A while back, Lucia Stanton, Senior Historian at Monticello, sent a note to the H-OIEAHC email list with links to three unusual parts of her organization’s website—beyond the usual information about the building and the main family living there. Some of these websites are still works in progress—which is in keeping with how Thomas Jefferson lived in his mansion:
The Monticello Plantation Database contains information on over six hundred people who lived in slavery on Thomas Jefferson’s Virginia plantations between 1774 and 1826. It provides details of life span, family structure, occupation, and the transactions of bondage (sale, purchase, gift, and hiring). There are also short biographies of individuals and accounts of various aspects of slavery at Monticello.I’ve also been interested in the Th: Jefferson Encyclopedia, a wiki-style resource of information. The online library catalogue simply makes me jealous. As for Jefferson’s own library, there’s a nifty starting-point on LibraryThing.
The Getting Word website contains information on a project begun in 1993 to interview the descendants of Monticello’s African-American families. The seventy-odd pages of the website include biographical information on dozens of enslaved men and women (and their descendants) as well as plentiful photographs and the results of research in historical records and interviews with over 170 people.

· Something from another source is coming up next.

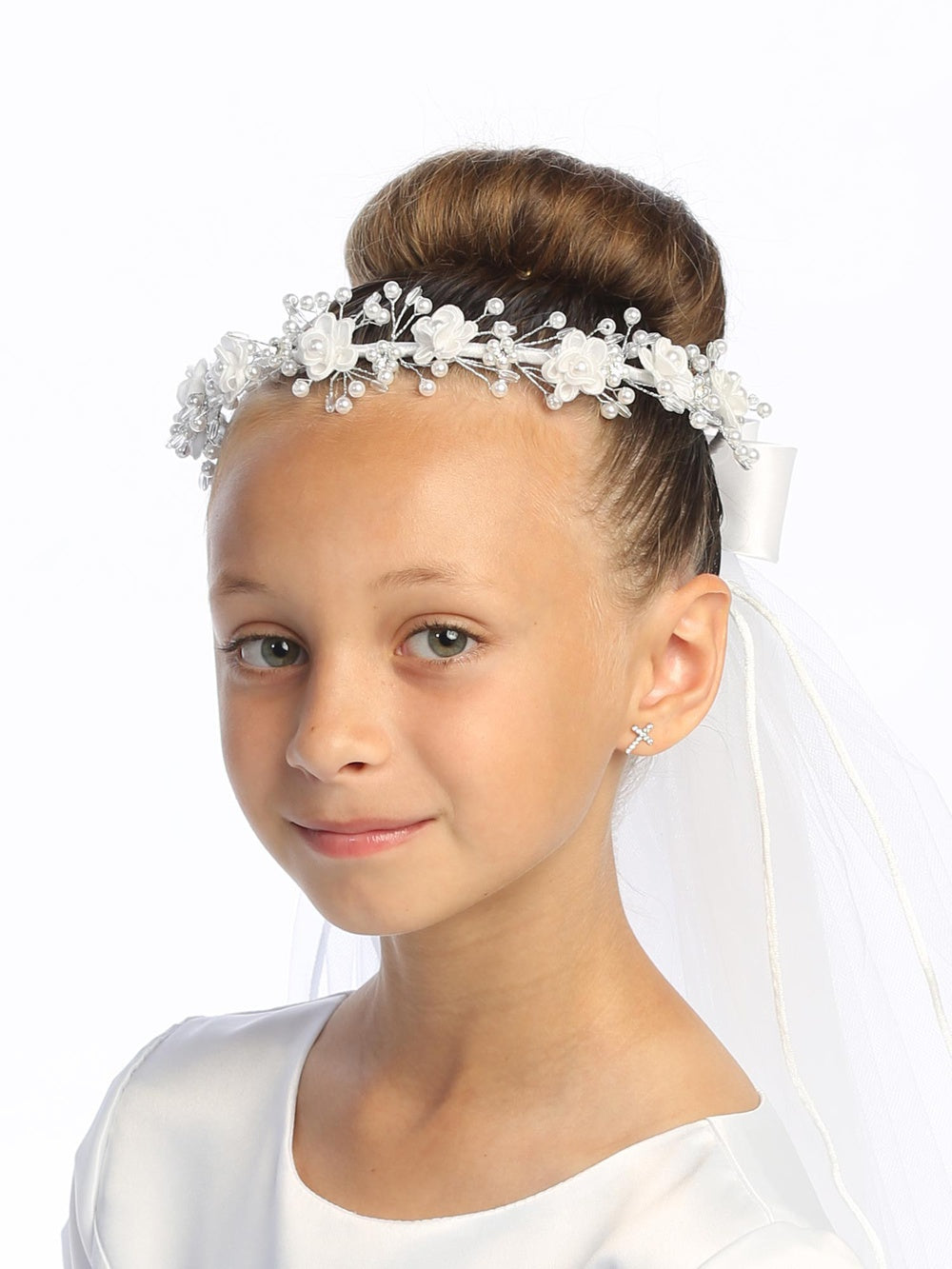 24" Veil with corded flowers & bead accents (204)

The Monticello Classroom is a teacher-student website for elementary and secondary classroom use, a compilation of resources about Thomas Jefferson and life at Monticello.

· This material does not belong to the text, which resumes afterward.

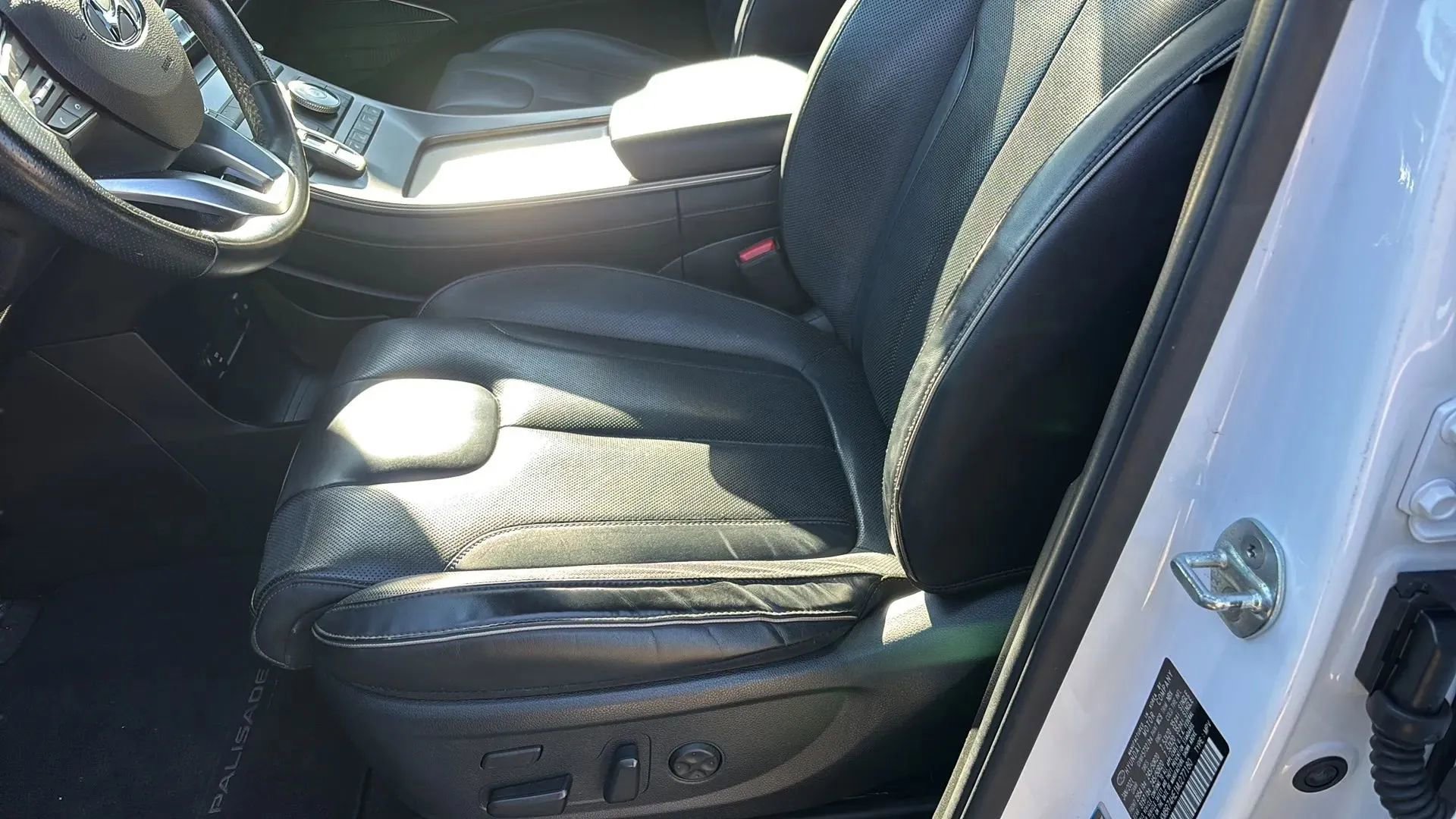 Used 2021 Hyundai Palisade Calligraphy image 21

Some of Jefferson’s own documents are actually here in New England—they ended up at the Massachusetts Historical Society alongside the papers of Jefferson’s friend, rival, and long-distance friend John Adams.
The M.H.S. offers a virtual look at many of those documents in its Thomas Jefferson Papers website. Among its topics are how the President collected books, drafted the Declaration of Independence for the Second Continental Congress, and managed his slave-labor plantations.